MM: Nun haben sie sich vor wenigen Monaten entschlossen, den Islam anzunehmen. Bitte schildern Sie uns und unseren Lesern ausführlich diese Entwicklung, da es nicht alle Tage vorkommt, dass eine deutsche Frau mit 76 Jahren zum Islam findet.

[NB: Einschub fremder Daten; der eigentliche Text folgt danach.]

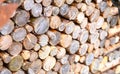 Stacked firewood texture background showing neatly arranged cut wooden logs Royalty Free Stock Photo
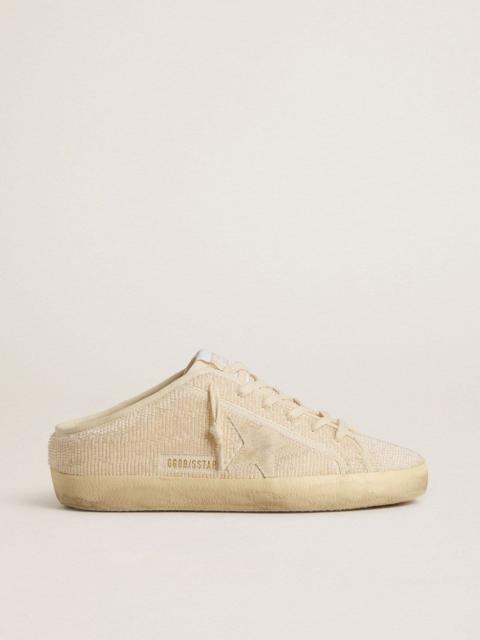 Women's Super-Star Sabot in beige canvas with embroidered beads and beige suede star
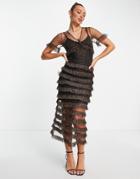 Never Fully Dressed Tiered Ruffle Midaxi Dress In Leopard Print-brown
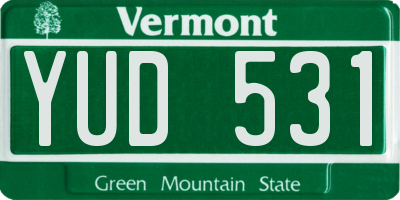 VT license plate YUD531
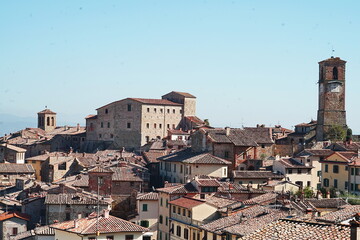 Naklejka premium View of the ancient medieval village of Anghiari, Tuscany, Italy
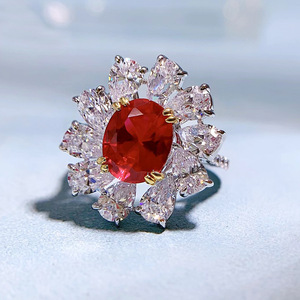 Роскошные женские серебряные красные кольца S925 с сокровищами, 8*10 овальной формы в стиле ретро, изысканные украшения - Product Image 1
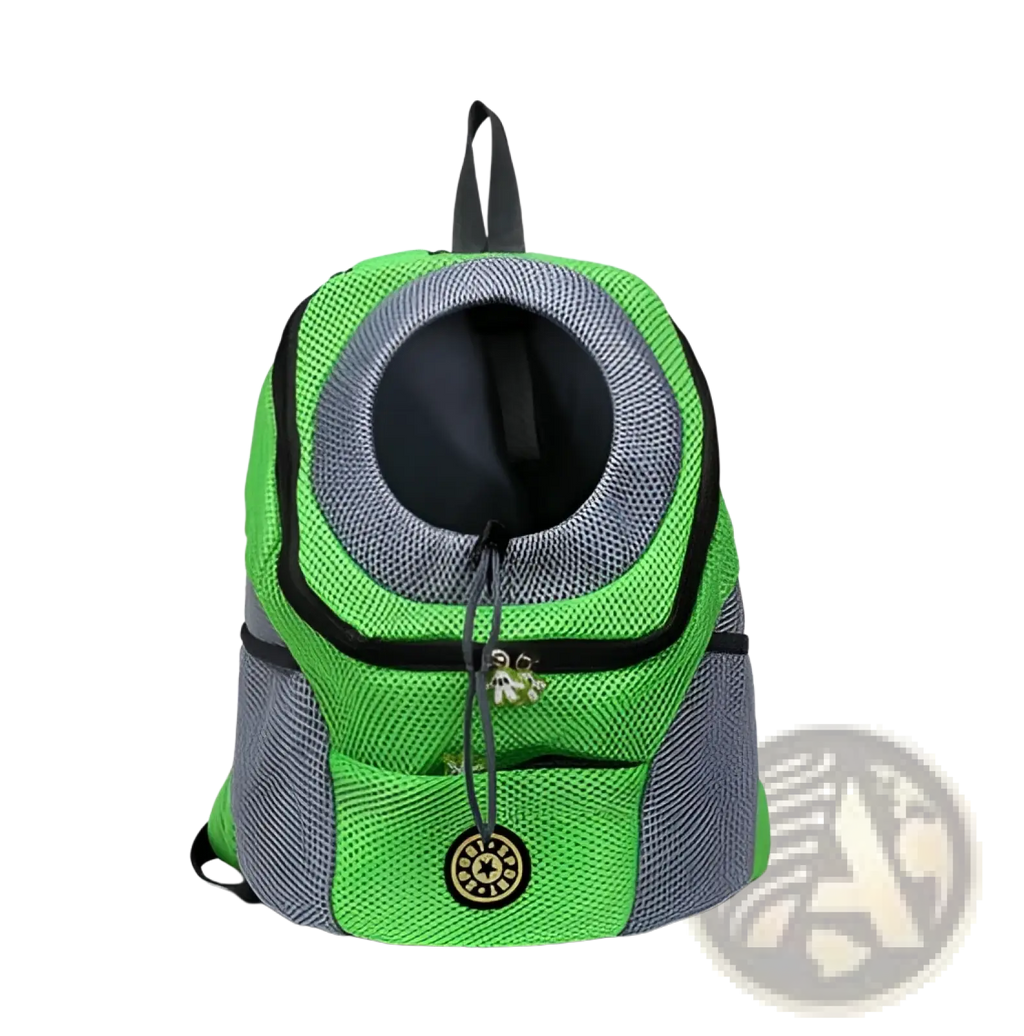 Bright green and gray breathable mesh dog backpack pet carrier with circular opening and black trim for travel use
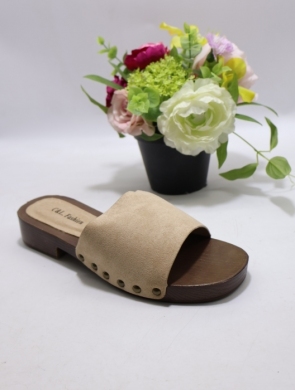 Klapki damskie na płaskim (36-41) B-761 BEIGE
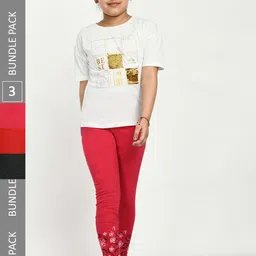 IndiWeaves Girls Pack Of 3 Printed Skin friendly dyes Pure Cotton Ankle Length Leggings-image-91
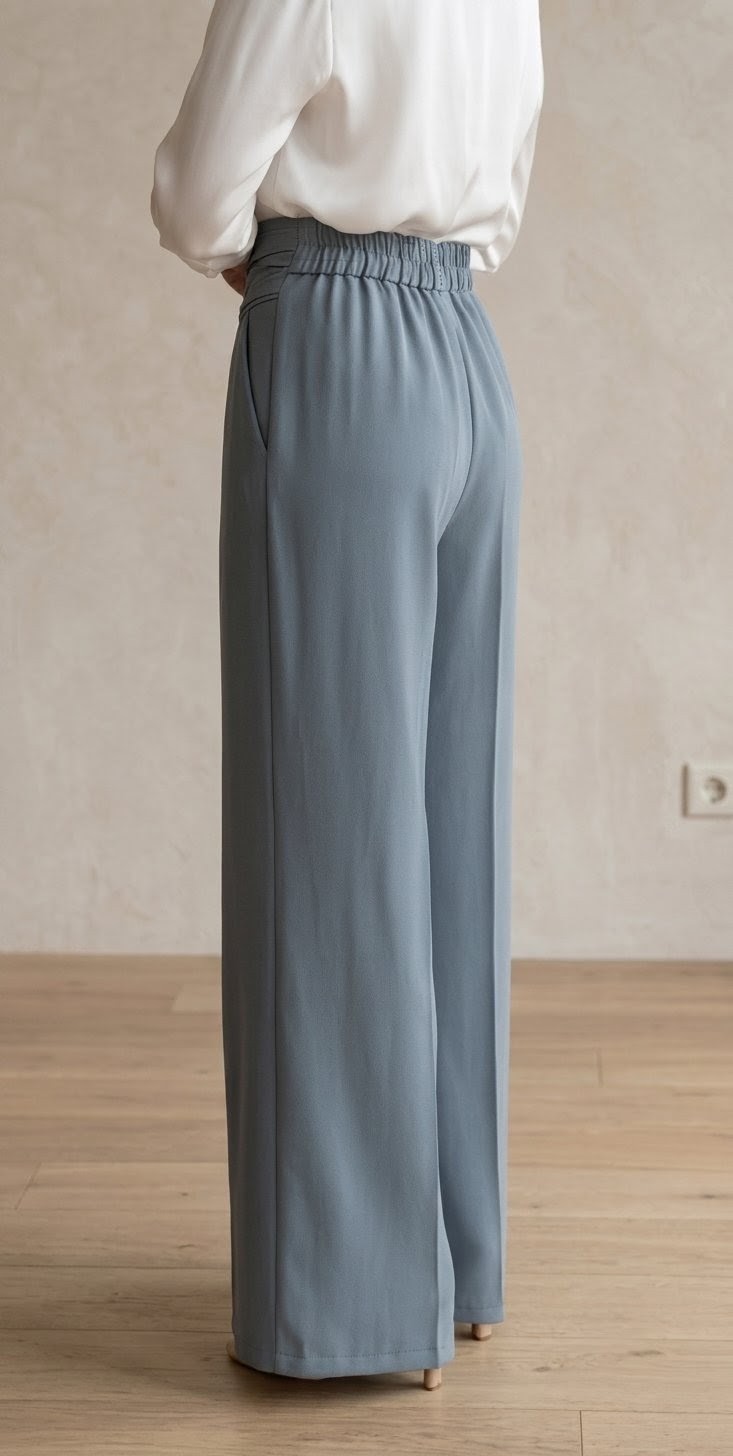 Pantalón Palazzo Talle Alto con Hebilla Dorada - Azul Empolvado - Imagen 3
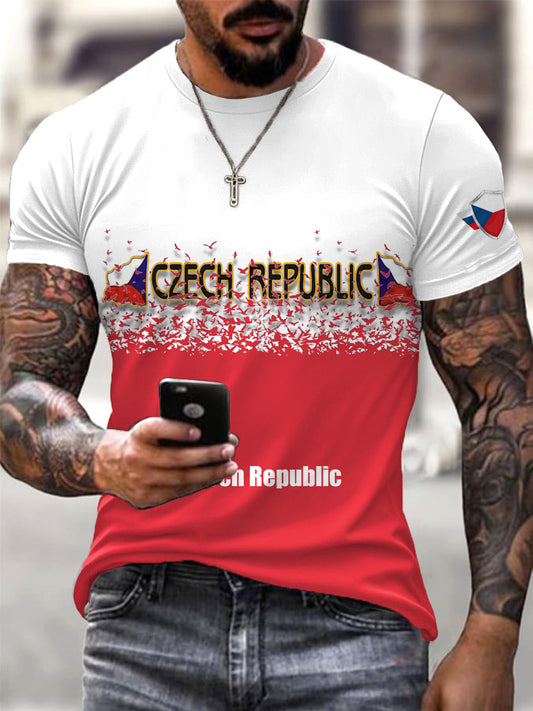Pánská česká republika vlajková trička v červené a bílé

Inge Witt: Nachdem ich geheiratet hatte, suchte ich meinen Weg zu Gott. Ich kam zu den Jehovas Zeugen, den Menoniten, den Mormonen und den Buddhisten. Alles hat mir nichts gegeben. Meine Familie wanderte aus nach Australien und ein Bruder nach Afrika. Eine Schwester und Ich blieben in Deutschland. Meine Mutter verstarb und mein Vater nahm eine andere Frau die dann mit meinen Geschwistern nach Australien ging. Dann kam mein Bruder zu Besuch von Afrika und ich kam in Verbindung, zu den Sieben-Tage-Adventisten. Ich glaubte nun den richtigen Weg gefunden zu haben. Leider war auch das ein Fehler. Ich kann heute nicht mehr sagen, wann und wie ich vom Islam erfuhr. Meine Enkeltochter heiratete einen Moslem und ich erbat mir von Ihm den Koran. Nun merkte ich nur zu genau, das etwas in der Bibel nicht stimmen kann. Es vergingen aber noch zwei Jahre, bis ich davon überzeugt war. Ich wollte nicht schon wieder einen Fehler machen. Mein Nachbar ist auch ein Moslem und er hilft mir sehr, alles zu lernen, was ich wissen möchte, natürlich auch meine Enkeltochter. Leider wohnen wir sehr weit auseinander. Aber es gibt ja ein Telefon und das hilft mir auch weiter. Dann ist da noch eine weitere Frau in meiner Nähe. Sie ist auch in diesem Jahr konvertiert. Und ich Glaube jetzt fest, endlich das richtige getan zu haben. Leider, meiner Meinung nach, viel zu spät. Es gibt so viel, was ich lernen muss, was mir in meinem Alter sehr schwer fällt. Ich hoffe aber, das Allah mir die Kraft gibt, alles richtig zu machen.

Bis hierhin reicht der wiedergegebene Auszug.